Jesus replied, “‘You shall not murder, you shall not commit adultery, you shall not steal, you shall not give false testimony, honor your father and mother,’ and ‘love your neighbor as yourself.’”
“All these I have kept,” the young man said. “What do I still lack?”
If there’s one character I can identify with in the Bible, it is this young man.
I’m a total nerd. I live for lists, love to make plans and dissect them into to-dos, I love organizing and checking off a list. If there was a requirement for God’s love in list form and I could work my way down it and feel like I had earned his grace, I would be thrilled. I yearn to have a clear marked path with a list of bullet point items I could cross off and be guaranteed to have lived a life that God wanted me to.
I completely and sadly empathize with his desire to cross off a checklist and validate his good behavior. I want surety that I’m going to heaven, as if trust in my own good behavior is somehow more dependable than trusting in God’s endless and ceaseless grace.
Unfortunately, life doesn’t work like that. And maybe that’s actually a good thing, because there’s no way I’d ever be able to perfectly tackle a list that would get me even remotely close to God’s equality.
So there is no bullet point. There is no black and white, clear line to follow. But what is given to us is gloriously more confusing and infinitely more desirable: a beautiful journey of love.
Loving God, loving others. Loving others like Christ loved us.
Love. Love. Love.
“Love should be your top priority, primary objective, and greatest ambition. Love is not a good part of your life; it’s the most important part. The Bible says, ‘Let love be your greatest aim,’…Often we act as if relationships are something to be squeezed into our schedule. We talk about finding time for our children or making time for people in our lives. That gives the impression that relationships are just a part of our lives along with many other tasks. But God says relationships are what life is all about.”

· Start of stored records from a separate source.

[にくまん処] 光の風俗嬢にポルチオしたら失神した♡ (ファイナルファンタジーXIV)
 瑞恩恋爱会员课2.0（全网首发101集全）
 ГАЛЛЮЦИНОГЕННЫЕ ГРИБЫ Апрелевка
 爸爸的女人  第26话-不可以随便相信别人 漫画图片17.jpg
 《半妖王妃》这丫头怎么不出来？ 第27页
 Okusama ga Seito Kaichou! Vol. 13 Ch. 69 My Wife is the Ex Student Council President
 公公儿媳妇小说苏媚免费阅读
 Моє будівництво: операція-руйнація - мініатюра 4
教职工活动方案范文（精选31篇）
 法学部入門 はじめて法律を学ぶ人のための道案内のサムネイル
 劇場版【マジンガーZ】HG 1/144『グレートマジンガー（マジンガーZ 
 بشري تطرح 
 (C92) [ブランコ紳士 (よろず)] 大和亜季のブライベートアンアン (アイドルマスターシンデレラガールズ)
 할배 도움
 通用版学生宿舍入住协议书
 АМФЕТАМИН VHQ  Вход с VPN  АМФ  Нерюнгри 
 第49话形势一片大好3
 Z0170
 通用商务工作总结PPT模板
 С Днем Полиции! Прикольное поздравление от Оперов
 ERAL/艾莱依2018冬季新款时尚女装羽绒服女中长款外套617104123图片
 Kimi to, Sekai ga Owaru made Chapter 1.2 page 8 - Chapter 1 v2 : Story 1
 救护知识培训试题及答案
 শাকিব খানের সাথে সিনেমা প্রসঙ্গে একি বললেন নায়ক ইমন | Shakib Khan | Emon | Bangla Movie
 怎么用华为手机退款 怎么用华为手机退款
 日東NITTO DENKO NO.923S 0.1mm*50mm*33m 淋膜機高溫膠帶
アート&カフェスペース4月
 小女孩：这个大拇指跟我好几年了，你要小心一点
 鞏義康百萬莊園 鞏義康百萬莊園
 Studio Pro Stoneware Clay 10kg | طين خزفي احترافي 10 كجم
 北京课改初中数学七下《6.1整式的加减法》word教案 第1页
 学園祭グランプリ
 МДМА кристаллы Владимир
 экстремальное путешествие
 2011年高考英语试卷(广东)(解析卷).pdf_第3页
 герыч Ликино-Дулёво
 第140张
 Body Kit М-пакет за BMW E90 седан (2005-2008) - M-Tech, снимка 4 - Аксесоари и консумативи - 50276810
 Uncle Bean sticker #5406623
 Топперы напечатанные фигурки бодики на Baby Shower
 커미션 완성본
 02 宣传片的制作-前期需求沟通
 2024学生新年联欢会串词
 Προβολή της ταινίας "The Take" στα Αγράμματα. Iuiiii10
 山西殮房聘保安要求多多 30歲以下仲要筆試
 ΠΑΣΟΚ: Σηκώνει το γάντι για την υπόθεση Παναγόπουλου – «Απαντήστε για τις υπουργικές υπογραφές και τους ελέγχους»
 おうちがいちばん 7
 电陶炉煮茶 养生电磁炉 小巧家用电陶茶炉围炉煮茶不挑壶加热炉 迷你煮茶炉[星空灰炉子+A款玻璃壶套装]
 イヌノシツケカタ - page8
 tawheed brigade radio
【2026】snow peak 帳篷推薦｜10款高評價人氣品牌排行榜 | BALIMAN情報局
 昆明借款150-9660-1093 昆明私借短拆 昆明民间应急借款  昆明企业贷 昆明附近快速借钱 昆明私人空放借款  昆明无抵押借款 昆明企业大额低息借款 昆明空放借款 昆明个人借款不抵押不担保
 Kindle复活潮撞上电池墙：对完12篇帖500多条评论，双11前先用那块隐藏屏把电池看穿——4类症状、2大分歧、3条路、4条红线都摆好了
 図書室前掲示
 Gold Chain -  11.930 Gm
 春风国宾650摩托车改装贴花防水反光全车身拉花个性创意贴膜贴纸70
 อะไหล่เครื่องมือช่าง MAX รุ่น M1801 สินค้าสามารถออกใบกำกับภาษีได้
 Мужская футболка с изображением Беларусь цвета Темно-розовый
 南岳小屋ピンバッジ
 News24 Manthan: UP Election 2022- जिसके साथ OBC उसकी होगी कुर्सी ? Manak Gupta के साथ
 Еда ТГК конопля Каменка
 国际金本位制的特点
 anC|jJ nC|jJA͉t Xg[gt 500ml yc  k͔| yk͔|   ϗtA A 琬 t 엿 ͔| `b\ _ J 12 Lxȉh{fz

-Rick Warren, the Purpose Driven Life
I’m in the middle of reading my way through The Purpose Driven Life by Rick Warren, because of course with a title like that a nerd like me is going to jump on the chance to skim the pages and see if I can find a checklist for living a purpose driven life full of intentional (spoiler alert: no such list exists). The book addresses those who are looking to find the meaning in life and life's purpose. Who doesn't have questions in that arena? Am I doing what I am supposed to do? What's my next step? What career steps should I make? Is this the right decision?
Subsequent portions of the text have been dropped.